Concepto
Procede del griego paradigma, que significa “ejemplo” o “modelo”. En principio, se aplicaba a la gramática y a la retórica. De esta forma, un paradigma científico establece aquello que se debe observar; el tipo de interrogantes que hay que formular para hallar las respuestas en relación al objetivo; cómo deben estructurarse dicho interrogantes; y cómo deben interpretarse los resultados de la investigación científica.
Cuando un paradigma ya no puede satisfacer las necesidades de una ciencia (por ejemplo, ante nuevos descubrimientos que invalidan conocimientos previos), es sucedido por otro. Se dice que un cambio de paradigma es algo dramático para la ciencia, ya que éstas aparecen como estables y maduras. En las ciencias sociales, el paradigma está relacionado con el concepto de cosmovisión. Las cosmovisiones son el conjunto de experiencias, creencias y valores que conforman la imagen o figura general del mundo que tiene una persona, a partir de las cuales interpreta su propia naturaleza y la de todo lo existente en el mundo. Una cosmovisión define nociones comunes que se aplican a todos los campos de la vida, desde la política, la economía o la educación como en este caso. Teniendo en cuenta este enfoque y la teoría de Hernández Rojas, que estudia los paradigmas educativos como un conjunto ordenado de prescripciones consensuadas por la comunidad científica y que poseen la virtud de dar soluciones concretas a problemas diversos y tienen la finalidad de poner de manifiesto los principales problemas sobre los que se ha de profundizar y contrastar los temas con la realidad evaluando todo el proceso de investigación, desde mi punto de vista, un paradigma educativo es un determinado marco desde el cual poder analizar el contexto educativo, comprenderlo, interpretarlo e intervenir sobre él aportando mis propias reflexiones e ideas para hacer frente a las distintas problemáticas educativas.
Tipos de Paradigmas
PARADIGMA CONDUCTUAL.
Surge a principios del siglo XX, su metáfora básica es la maquina, es decir, tanto al alumno como al profesor se les considera máquinas. Las circunstancias son siempre medibles, observables y cuantificantes. En definitiva, apuestan por una concepción mecanicista de la realidad.

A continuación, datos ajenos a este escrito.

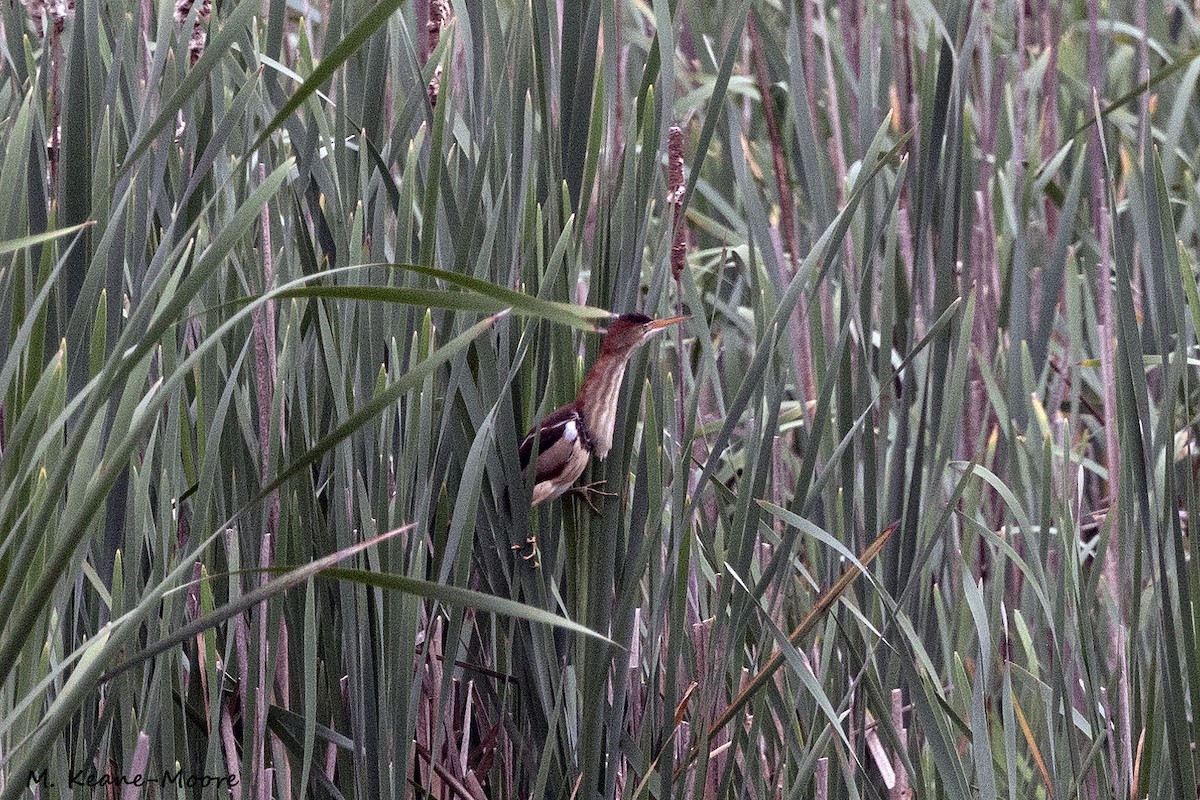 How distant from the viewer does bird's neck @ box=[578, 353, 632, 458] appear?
3.42 ft

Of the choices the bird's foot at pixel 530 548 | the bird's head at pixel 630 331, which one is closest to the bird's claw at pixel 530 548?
the bird's foot at pixel 530 548

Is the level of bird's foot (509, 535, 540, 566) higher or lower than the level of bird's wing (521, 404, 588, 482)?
lower

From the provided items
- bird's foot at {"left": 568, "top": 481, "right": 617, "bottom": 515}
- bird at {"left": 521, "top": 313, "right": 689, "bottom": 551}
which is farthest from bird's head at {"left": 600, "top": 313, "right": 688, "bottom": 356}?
bird's foot at {"left": 568, "top": 481, "right": 617, "bottom": 515}

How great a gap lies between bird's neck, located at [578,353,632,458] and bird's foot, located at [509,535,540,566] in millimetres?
98

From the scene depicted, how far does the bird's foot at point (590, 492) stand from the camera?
99cm

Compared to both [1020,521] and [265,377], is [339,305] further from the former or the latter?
[1020,521]

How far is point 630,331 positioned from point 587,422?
0.08 m

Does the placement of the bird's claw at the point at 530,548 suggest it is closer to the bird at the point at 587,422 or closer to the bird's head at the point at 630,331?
the bird at the point at 587,422

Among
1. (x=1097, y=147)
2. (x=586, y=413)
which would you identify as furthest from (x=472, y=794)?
(x=1097, y=147)

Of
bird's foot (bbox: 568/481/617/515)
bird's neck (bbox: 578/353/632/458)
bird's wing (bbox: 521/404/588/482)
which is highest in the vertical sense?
bird's neck (bbox: 578/353/632/458)

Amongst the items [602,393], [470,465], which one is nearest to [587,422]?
[602,393]

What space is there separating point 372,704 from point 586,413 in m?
0.27

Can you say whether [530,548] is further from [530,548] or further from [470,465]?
[470,465]

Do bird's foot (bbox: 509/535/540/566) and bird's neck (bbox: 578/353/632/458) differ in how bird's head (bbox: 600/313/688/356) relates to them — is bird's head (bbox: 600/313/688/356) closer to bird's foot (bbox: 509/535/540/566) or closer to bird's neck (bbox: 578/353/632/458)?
bird's neck (bbox: 578/353/632/458) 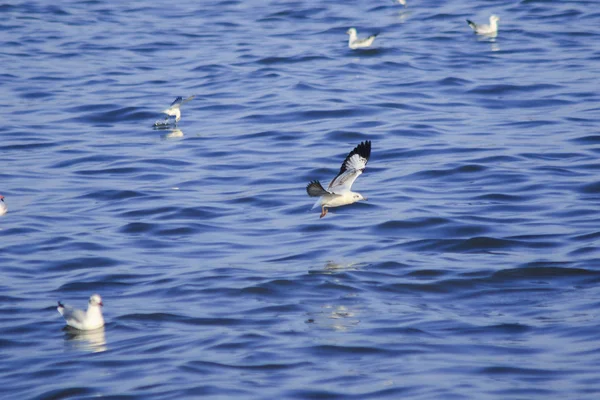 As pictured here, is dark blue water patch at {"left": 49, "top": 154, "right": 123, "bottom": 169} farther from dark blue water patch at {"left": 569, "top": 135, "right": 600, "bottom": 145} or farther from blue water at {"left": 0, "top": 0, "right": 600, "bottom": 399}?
dark blue water patch at {"left": 569, "top": 135, "right": 600, "bottom": 145}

El Alumno es un receptor de conceptos y contenidos, cuya única pretensión es aprender lo que se enseña. La evaluación es considerada como un proceso sumativo de valoración y se centra en el producto final que debe ser medible y cuantificable. La vida en el aula se reduce a una suma de objetos, conductas, actividades centradas sobre todo en los contenidos que se aprenderán.
PARADIGMA CONTEXTUAL.
Se describe a partir de los estudios etnográficos, las demandas del entorno y las respuestas de los actores y su adaptación. Facilita y apoya la asimilación y conceptualización de los estímulos ambientales, como el profesor, los padres, la escuela, la comunidad, se convierten en hechos mediadores de la cultura contextualizada. El Currículo es flexible, contextual y abierto, el enfoque del profesor es técnico-critico es decir, gestor de procesos de interacción en el aula, crea expectativas y genera un clima de confianza.
PARADIGMA COGNITIVO.
Surge a raíz de producirse una crisis del paradigma conductual en el aula. Las teorías como la del aprendizaje significativo, por descubrimiento, el constructivismo son algunas de las que han aportado a enriquecer este paradigma. La metáfora básica es el organismo entendido como totalidad. Es la mente la que dirige la persona y no los estímulos externos. El Alumno es considerado un sujeto de la educación ya que posee un potencial de aprendizaje que puede desarrollar por medio de la interacción profesor-alumno.
PARADIGMA HUMANISTA.
Su problemática consiste en explicar y comprender al hombre en sus procesos integrales y en su contexto interpersonal y social.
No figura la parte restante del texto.